[lbo-talk] Wal-Mart at Forefront of Hurricane Relief

Leigh Meyers leighcmeyers at gmail.com
Thu Sep 8 11:56:24 PDT 2005


On Thursday, September 08, 2005 11:06 AM [PDT], Doug Henwood <dhenwood at panix.com> wrote:


> Leigh Meyers wrote:


>>
>> When I worked for a local department store, scanning inventory,
>> the scanner was satellite linked to a distributor in the central
>> valley(california), not the corporate headquarters.
>>
>> I'm not questioning the vertical intergration of the company, but
>> it isn't as monolithic as all that. Some processes are much more
>> efficient when they are decentralized and WM know that and
>> utilizes it, like most national companies. Otherwise JIT inventory
>> would just be another seemingly good idea that no one ever tried,
>> and most of the LTL trucking companies(although walmart trucks
>> their own) would have gone out of business years ago.


>
> I'm not sure what you're trying to say. Is it that Wal-Mart isn't
> that centralized, or that centralization itself isn't a good thing?
> Because Wal-Mart is that centralized, and given the way they've been
> kicking retail ass, it's hard to argue that it doesn't work too well.
>

I was attempting to clarify the extent of:
> *Everything* is coordinated out of Bentonville;

That's all.

There's a place for centralization, and a place for de-.

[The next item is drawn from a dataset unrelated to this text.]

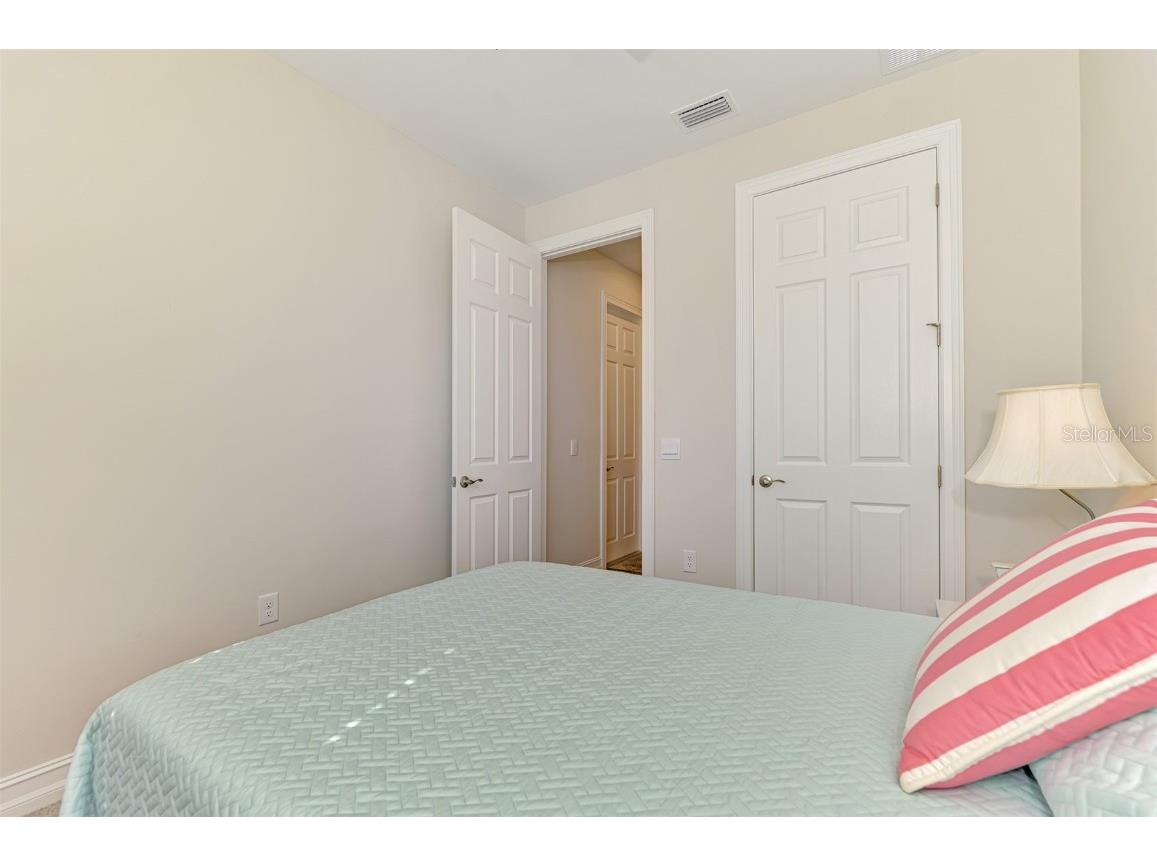 387 Ibiza Loop Venice FL 34292 N6141519 image28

When it comes to 99%(+-?) of the logistics and distribution, the "smart money" seems to go with the de-. It appear to be centralized. Until the manager @ HQ emails the manager at the distribution center with a list, and and instructions to do it.

UPS keeps "fast ship" stock for many national companies. Does that mean they are centralized vertically within those companies, or just part of a centralized plan?